In nineteen fifty-eight Heston starred in "Touch of Evil."  He played a Mexican drug investigator.  Orson Welles also had an acting role in this film.  Heston persuaded Universal Studios to hire Welles to direct the movie. "Touch of Evil" has since become a great example of the kind of crime movie known as "film noir."
The nineteen fifty-nine movie "Ben-Hur" made Charlton Heston an even bigger star. He played a Jewish man named Judah Ben-Hur who is imprisoned unjustly and rebels against the rule of Rome in ancient Judea.  The movie is most famous for a long scene in which Ben-Hur competes in an exciting chariot race against a Roman commander he considers his enemy. Recreating such a large event on film required a great amount of money and technical skill.
(SOUND)
Many actors would have used a professional stunt man to carry out such a dangerous activity as a chariot race. But Charlton Heston did much of the work himself. He trained for weeks to learn how to skillfully lead a team of speeding horses.
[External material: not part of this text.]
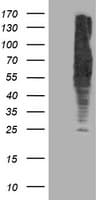 DLD / Diaphorase / E3 Antibody (clone OTI4D5)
After Ben-Hur wins the chariot race, he speaks with Esther, the woman he loves. She wants him to forget about his hatred towards the Roman government in power.
(SOUND)
ESTHER: Oh Judah, rest, sleep. For a few hours of the night, let your mind be at peace.
JUDAH: Peace? Love and peace! Do you think I don't long for them as much as you do? Where did you see them?
ESTHER: If you had heard this man from Nazareth…
Esther tells Judah about having listened to the teachings of the prophet Jesus.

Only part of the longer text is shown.